▶ [YOUR TASK]:
The answer should be an exact repeat of the stretch of material below from the line containing "and employment generation" through the line containing "Grinch that dumb".

▶ [RECORDS SUPPLIED]:
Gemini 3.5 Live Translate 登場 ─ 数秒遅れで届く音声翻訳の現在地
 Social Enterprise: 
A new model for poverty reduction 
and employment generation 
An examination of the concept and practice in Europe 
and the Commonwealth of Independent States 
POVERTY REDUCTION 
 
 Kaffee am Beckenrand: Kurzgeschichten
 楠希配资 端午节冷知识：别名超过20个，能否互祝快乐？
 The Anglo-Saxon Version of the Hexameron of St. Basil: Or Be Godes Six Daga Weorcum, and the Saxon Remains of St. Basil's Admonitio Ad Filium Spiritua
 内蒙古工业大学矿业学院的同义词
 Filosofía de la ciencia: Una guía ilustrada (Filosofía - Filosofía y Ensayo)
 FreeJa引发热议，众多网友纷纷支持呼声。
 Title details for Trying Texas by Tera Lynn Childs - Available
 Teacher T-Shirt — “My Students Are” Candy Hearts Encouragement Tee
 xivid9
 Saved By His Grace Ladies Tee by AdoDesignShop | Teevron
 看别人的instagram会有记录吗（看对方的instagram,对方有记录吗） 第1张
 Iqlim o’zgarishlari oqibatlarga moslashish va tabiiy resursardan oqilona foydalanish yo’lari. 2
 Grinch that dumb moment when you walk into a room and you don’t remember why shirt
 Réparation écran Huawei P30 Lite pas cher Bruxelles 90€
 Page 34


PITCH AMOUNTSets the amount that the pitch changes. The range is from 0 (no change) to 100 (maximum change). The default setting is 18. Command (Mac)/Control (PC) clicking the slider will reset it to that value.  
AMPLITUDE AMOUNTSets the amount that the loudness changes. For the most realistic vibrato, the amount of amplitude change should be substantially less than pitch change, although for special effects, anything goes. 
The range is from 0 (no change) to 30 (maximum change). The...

▶ [TASK SOLUTION]:
and employment generation 
An examination of the concept and practice in Europe 
and the Commonwealth of Independent States 
POVERTY REDUCTION 
 
 Kaffee am Beckenrand: Kurzgeschichten
 楠希配资 端午节冷知识：别名超过20个，能否互祝快乐？
 The Anglo-Saxon Version of the Hexameron of St. Basil: Or Be Godes Six Daga Weorcum, and the Saxon Remains of St. Basil's Admonitio Ad Filium Spiritua
 内蒙古工业大学矿业学院的同义词
 Filosofía de la ciencia: Una guía ilustrada (Filosofía - Filosofía y Ensayo)
 FreeJa引发热议，众多网友纷纷支持呼声。
 Title details for Trying Texas by Tera Lynn Childs - Available
 Teacher T-Shirt — “My Students Are” Candy Hearts Encouragement Tee
 xivid9
 Saved By His Grace Ladies Tee by AdoDesignShop | Teevron
 看别人的instagram会有记录吗（看对方的instagram,对方有记录吗） 第1张
 Iqlim o’zgarishlari oqibatlarga moslashish va tabiiy resursardan oqilona foydalanish yo’lari. 2
 Grinch that dumb moment when you walk into a room and you don’t remember why shirt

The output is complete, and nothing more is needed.